The chief dramatic situation in “The Road to Happiness” consists of a hero who, with hand on hip pocket, defies the assembled villains to advance as much as an inch at peril of their lives and who, having thus held them at bay, proceeds to pull out a handkerchief, flick his nostril and make his getaway. The chief comic situation in “Arizona,” produced many years ago, consisted of the same thing, save that a whiskey flask or plug of tobacco—I forget which—was used in place of a nose-doily. Thus, little boys and girls, has our serious drama advanced.
XXXVIII
Derivations
First-Nighter.—From Fürst (German for “prince”) and the English word nitre (KNO3: a chemical used in the manufacture of gunpowder); hence, a prince of gunpowder, or, in simpler terms, someone who makes a lot of noise.
Manager.—From the Anglo-Saxon word “manger,” the “a” having been deleted in order that the word might be shortened, and so used more aptly for purposes of swearing. Manager thus comes from “manger,” something which provides fodder for the jackasses in the stalls.
XXXIX
Practically speaking, it is reasonable to believe that the public doesn’t want gloom in the theater not because it is gloom, not because of the gloom itself, but for the very good reason that gloom isn’t generally interesting. Let a playwright make gloom as interesting as happiness and the public will want it theatrically. But the gloom of the drama is, more often than not, uninteresting gloom. In illustration: Take two street-corner orators. Suppose both are talking, one a block away from the other, on precisely the same topic. It is a gloom topic. For instance, the question of the large number of starving unemployed. One of the orators hammers away at his audience with melancholy statistics and all the other depressing elements of his subject. The other, equally serious, makes his points, not alone as does the first orator with blue figures, but with light comparisons and saucy illustrations. Which is the more interesting? Which gets the larger crowd? Which convinces? Take a second and correlated illustration. Two weekly magazines print articles on, let us say, the work of organized charity in its attempt to relieve the community’s paupers. In itself, not particularly jocose reading matter. One of the two magazines, in its treatment of the story, has its general tone exampled by some such sentence as “Last month the charity organizations of New York supplied the poor of the city with 30,000 loaves of bread.” The other magazine, expressing the same thought and facts, has its sentence phrased thus: “Last month the charity organizations of New York supplied the poor of the city with 30,000 loaves of bread, an amount almost 8,000 in excess of all the bread eaten during the same space of time by Mr. Diamond Jim Brady in the ten leading Broadway restaurants.” Which magazine has the bigger circulation?

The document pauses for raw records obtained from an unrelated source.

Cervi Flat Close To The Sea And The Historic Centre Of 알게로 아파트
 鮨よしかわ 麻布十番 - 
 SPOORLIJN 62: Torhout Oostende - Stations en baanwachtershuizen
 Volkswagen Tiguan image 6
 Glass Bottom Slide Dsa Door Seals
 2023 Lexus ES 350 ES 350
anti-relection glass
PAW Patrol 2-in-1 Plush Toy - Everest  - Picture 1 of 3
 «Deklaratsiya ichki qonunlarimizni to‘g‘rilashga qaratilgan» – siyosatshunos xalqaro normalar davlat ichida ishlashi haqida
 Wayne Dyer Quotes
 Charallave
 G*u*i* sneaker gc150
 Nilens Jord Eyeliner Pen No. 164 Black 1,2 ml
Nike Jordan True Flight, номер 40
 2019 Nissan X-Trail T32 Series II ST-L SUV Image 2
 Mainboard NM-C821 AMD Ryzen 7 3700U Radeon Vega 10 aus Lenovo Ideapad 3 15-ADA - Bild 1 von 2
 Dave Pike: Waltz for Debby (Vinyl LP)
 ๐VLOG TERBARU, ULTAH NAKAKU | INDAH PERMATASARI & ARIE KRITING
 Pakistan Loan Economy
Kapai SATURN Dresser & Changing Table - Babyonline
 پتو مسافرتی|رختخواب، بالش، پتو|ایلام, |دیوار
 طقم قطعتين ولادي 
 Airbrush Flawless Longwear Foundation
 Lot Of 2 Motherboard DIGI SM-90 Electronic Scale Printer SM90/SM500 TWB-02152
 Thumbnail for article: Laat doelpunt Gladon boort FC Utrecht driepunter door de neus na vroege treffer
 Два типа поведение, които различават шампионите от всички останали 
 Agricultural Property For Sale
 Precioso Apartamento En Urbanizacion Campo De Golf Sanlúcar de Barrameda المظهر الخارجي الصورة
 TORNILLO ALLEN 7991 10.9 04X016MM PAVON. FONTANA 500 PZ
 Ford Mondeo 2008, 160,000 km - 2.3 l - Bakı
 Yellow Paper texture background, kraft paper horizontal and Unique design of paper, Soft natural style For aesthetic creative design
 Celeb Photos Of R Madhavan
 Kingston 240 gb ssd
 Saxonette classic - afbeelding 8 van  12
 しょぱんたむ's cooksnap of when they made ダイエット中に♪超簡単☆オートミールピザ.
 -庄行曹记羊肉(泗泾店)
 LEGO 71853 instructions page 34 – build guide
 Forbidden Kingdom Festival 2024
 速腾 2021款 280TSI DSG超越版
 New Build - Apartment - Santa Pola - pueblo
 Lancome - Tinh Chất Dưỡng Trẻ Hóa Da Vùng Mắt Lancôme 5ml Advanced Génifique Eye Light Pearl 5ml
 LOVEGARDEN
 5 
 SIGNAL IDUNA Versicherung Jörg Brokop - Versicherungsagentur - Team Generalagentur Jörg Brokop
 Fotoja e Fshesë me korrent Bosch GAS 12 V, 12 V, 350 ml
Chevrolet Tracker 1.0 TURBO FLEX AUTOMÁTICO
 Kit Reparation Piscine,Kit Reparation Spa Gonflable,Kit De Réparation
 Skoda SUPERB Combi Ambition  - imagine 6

The conventional treatment of gloomy themes in the drama is like the ancient tale of the proud old coon who, driving a snail-paced and ramshackle horse and an even more ramshackle buggy down a Southern road used largely by automobilists, suddenly perceived a small boy hitching on behind. “Hey!” exclaimed the old brunette, “Yoh look out dar! Ef yoh ain’t careful yoh’ll be sucked under!” The mechanic of the gloomy dramatic theme, like the old dinge, too often takes his theme too pompously, too seriously. And is generally himself sucked under as a result. Clyde Fitch took a so-called gloomy theme in his play “The Climbers”—the play that started bang off with a funeral—but his play is still going with the public in the stock companies because he didn’t let the gloom of his story run away with the interest. The final curtain line in “The Shadow” is: “After all, real happiness is often to be found in tears.” Tears are often provocative of a greater so-called “up-lift” feeling than mere grins and laughter. Take a couple or more of illustrations of the most popular mob plays America has known, say, “Way Down East,” “Uncle Tom’s Cabin,” “The Old Homestead.” These, fundamentally, are what the mob calls “sad” plays. The yokelry would ever rather pay for the privilege of crying than laughing. What farce ever made as much money as “East Lynne”? The tears in “Cinderella” have made it the world’s most successful theatrical property.
XL
The difference ’twixt tragedy and comedy is the difference of a hair’s breadth. Tragedy ends with the hero’s death. Comedy, with the hero’s getting married.